D'autres types de remplois peuvent être envisagés en présence d'une convention de quasi-usufruit. Ainsi, dans l'affaire n° 2006-18 (Premiers avis rendus en 2007 par le Comité consultatif pour la répression des abus de droit (CCRAD) in Instr. 16 oct. 2007 : BOI 13 L-6-07, préc), la donation portait sur la nue-propriété de certains des titres d'une société et sur la pleine propriété de certains autres. L'acte comprenait une interdiction d'aliéner, une clause de remploi obligatoire du produit de la cession des titres ainsi qu'une convention de quasi-usufruit au profit du donateur. Une fois la cession réalisée, les sommes recueillies étaient réemployées dans la souscription au capital d'une société dont le donateur était nommé gérant en disposant de pouvoirs étendus, empiétant d'ailleurs sur les droits dévolus normalement au nu-propriétaire. Bien entendu, du fait du remploi institué par la convention, le démembrement de propriété initial se reportait sur les titres ainsi souscrits.

Se fondant de nouveau sur la créance de restitution pesant sur les épaules du quasi-usufruitier, le comité rejeta toute idée d'abus de droit. Le principe civil « donner et retenir ne vaut » était bien respecté.

Dans le même type de schéma reposant sur une convention de quasi-usufruit portant sur le prix de cession de titres démembrés par suite d'une donation de la nue-propriété par les parents aux enfants, la donation peut toujours être assortie d'autres conditions. Ainsi, par exemple, dans l'affaire n° 2008-06 (Avis rendus par le CCRAD au cours des 4e et 5e séances de l'année 2008 in Instr. 18 déc. 2008 : BOI 13 L-11-08 ; Dr. fisc. 2009, n° 1-2, instr. 13992) la donation par la mère à ses deux enfants comprenait une obligation d'aliéner à première demande de la donatrice dans un délai maximum de deux ans et une obligation de remploi dans des titres eux-mêmes démembrés.

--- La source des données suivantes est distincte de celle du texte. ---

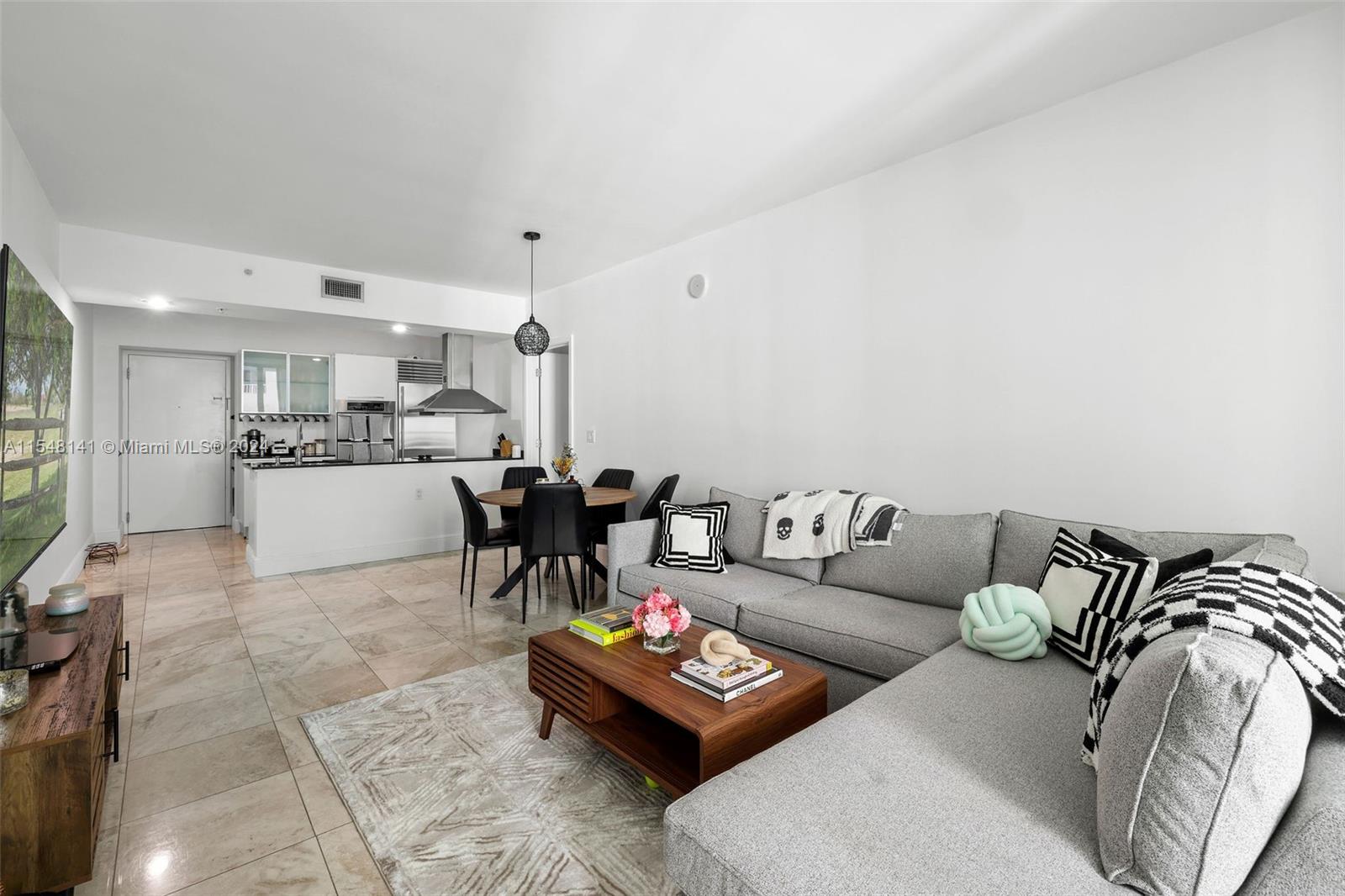 218 SE 14th St 1608, Miami, Florida 33131, 1 Bedroom Bedrooms, ,1 BathroomBathrooms,Residential,For Sale,218 SE 14th St 1608,A11548141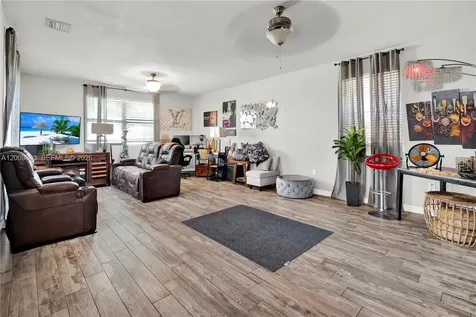 560 SE 33rd Terrace Homestead FL 33033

Ni l'obligation mise à la charge des enfants, ni la convention de quasi-usufruit ne permettaient de remettre en cause l'intention libérale de la donatrice. Pour être temporaires et prévues dans l'intérêt des gratifiés, les conditions respectaient les prescriptions de l'article 990-1 du Code civil.

La suite..Non-respect du droit civil et abus de droit... pour bientôt...

Les commentaires sont fermés.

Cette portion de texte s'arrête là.